Requirement ▸
Restate word for word the lines below that run from the one holding "Robert Kintner's Instagram, Twitter" through the one holding "Ramadan fasting: Here", inclusive. Pictures don't belong in the copy.

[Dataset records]
::::::

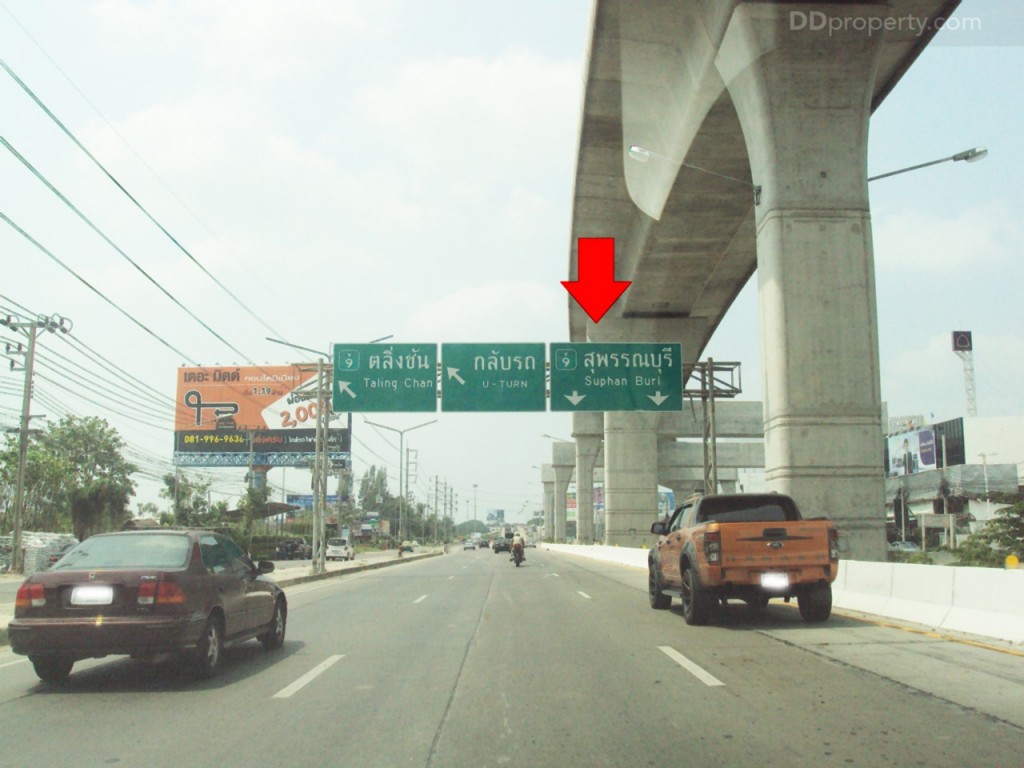 The Modish Bang Bua Thongp7-004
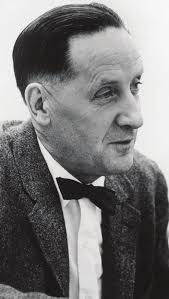 Robert Kintner's Instagram, Twitter & Facebook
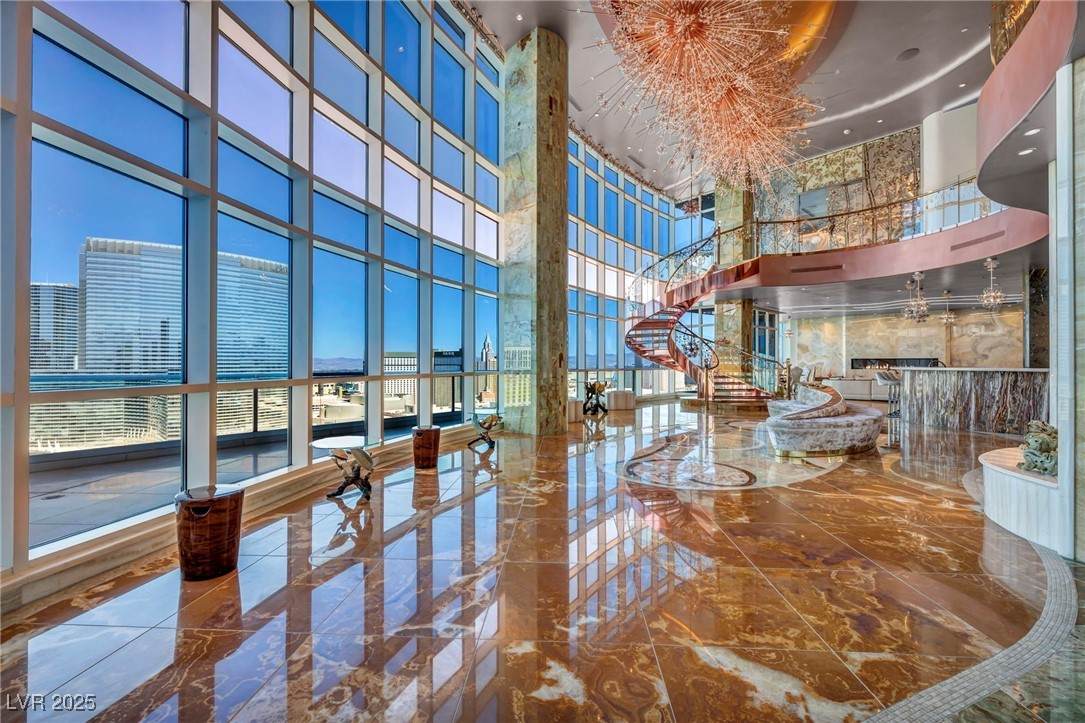 4525 Dean Martin Drive - Photo 1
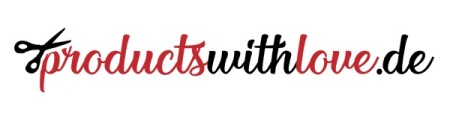 Anleitung: Rechtstexte-Schnittstelle für productswithlove einrichten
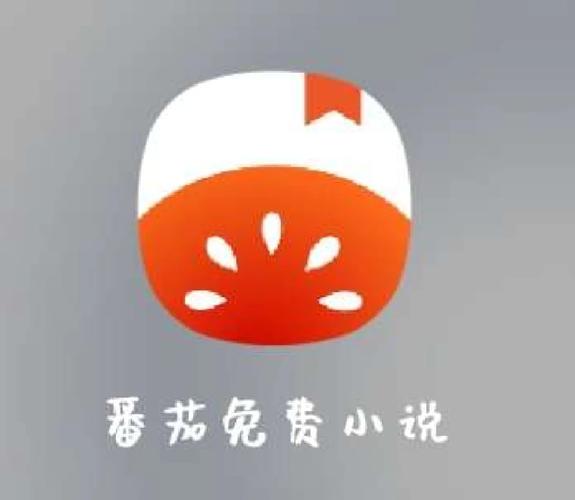 番番小说免费阅读缩略图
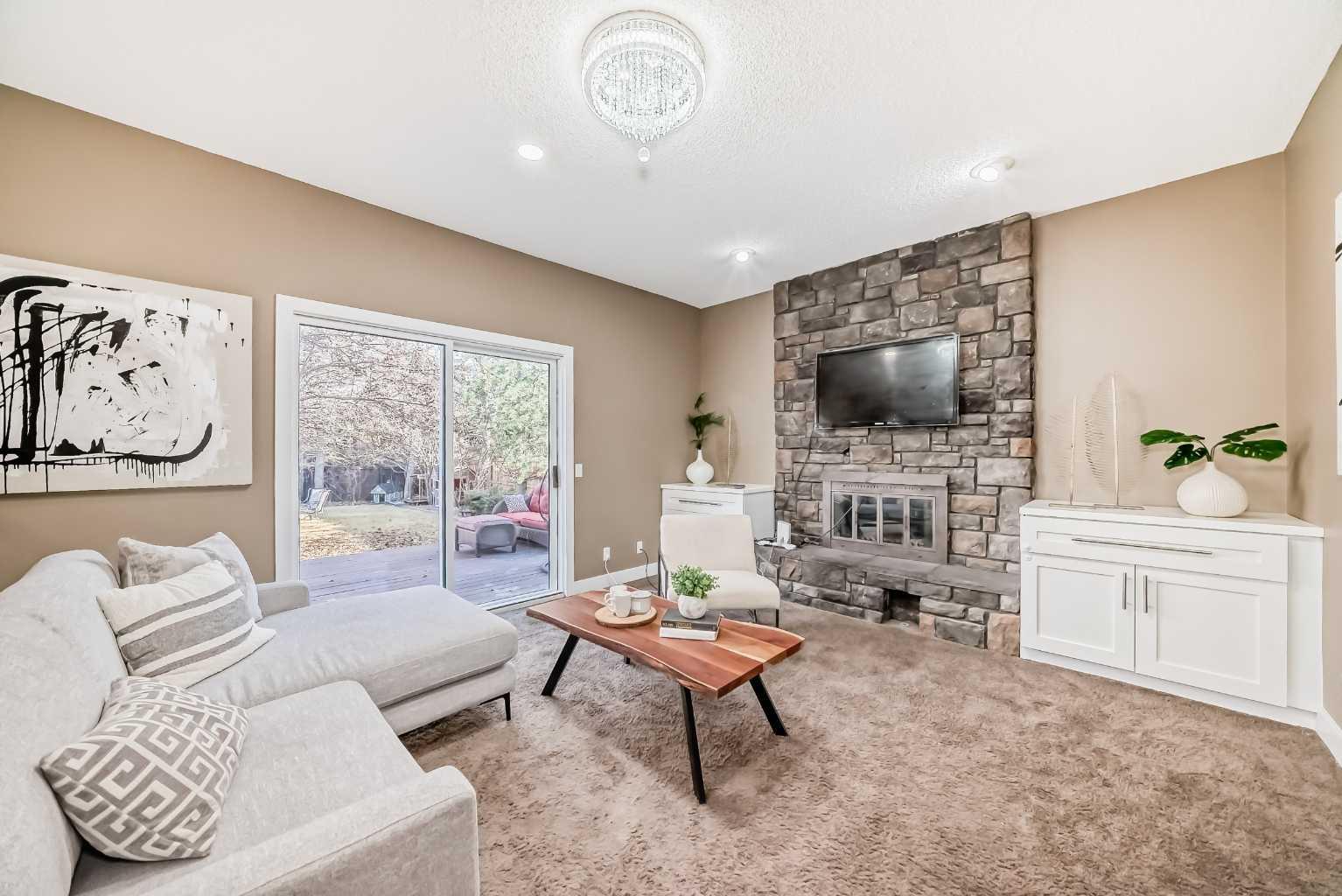 MLS #A2270161 image #20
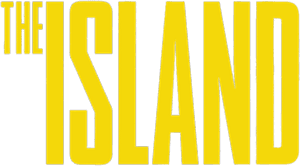 The Island
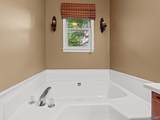 3409 Ramona Drive - Photo 31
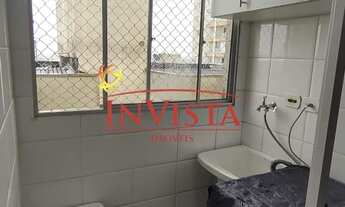 Imagem 6: Apartamento a venda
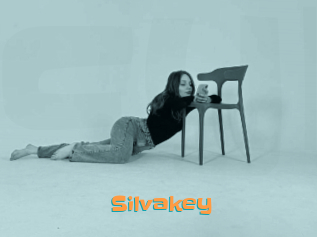 Silvakey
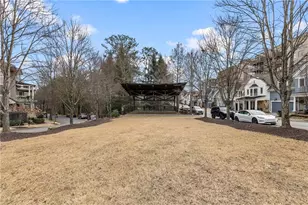 360 Chambers St, Woodstock, GA 30188 - Photo 32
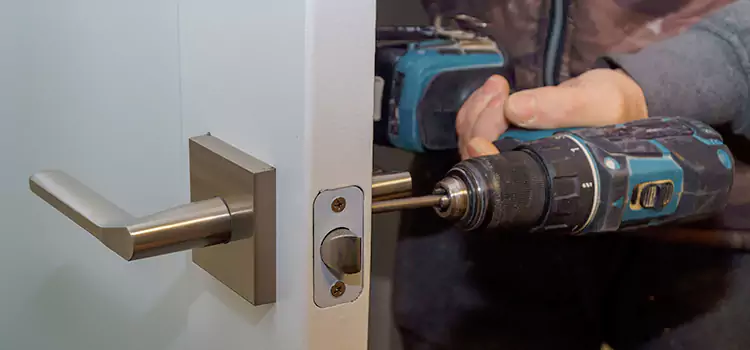 Brand Lock Repair and Specialty Services Poughkeepsie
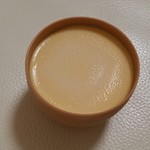 とよんちのたまご - 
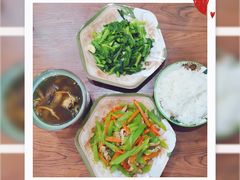 -悦芽照护月嫂+育儿嫂(杭州店)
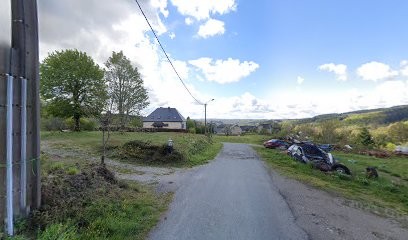 SERVITECH ENERGIE, Chauffagiste - Frigoriste à Soudeilles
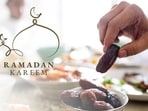 Ramadan fasting: Here are effective tips to enhance mental and emotional well-being throughout Ramadan fasting.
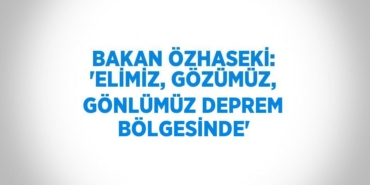 26829210712670922219tasarimli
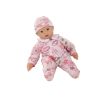 Pink guldsmed sparkedragt - Dukketøj (42-46 cm) - Götz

::::::

Answer to the problem ▸
 Robert Kintner's Instagram, Twitter & Facebook
 4525 Dean Martin Drive - Photo 1
 Anleitung: Rechtstexte-Schnittstelle für productswithlove einrichten
 番番小说免费阅读缩略图
 MLS #A2270161 image #20
 The Island
 3409 Ramona Drive - Photo 31
 Imagem 6: Apartamento a venda
 Silvakey
 360 Chambers St, Woodstock, GA 30188 - Photo 32
 Brand Lock Repair and Specialty Services Poughkeepsie
 とよんちのたまご - 
 -悦芽照护月嫂+育儿嫂(杭州店)
 SERVITECH ENERGIE, Chauffagiste - Frigoriste à Soudeilles
 Ramadan fasting: Here are effective tips to enhance mental and emotional well-being throughout Ramadan fasting.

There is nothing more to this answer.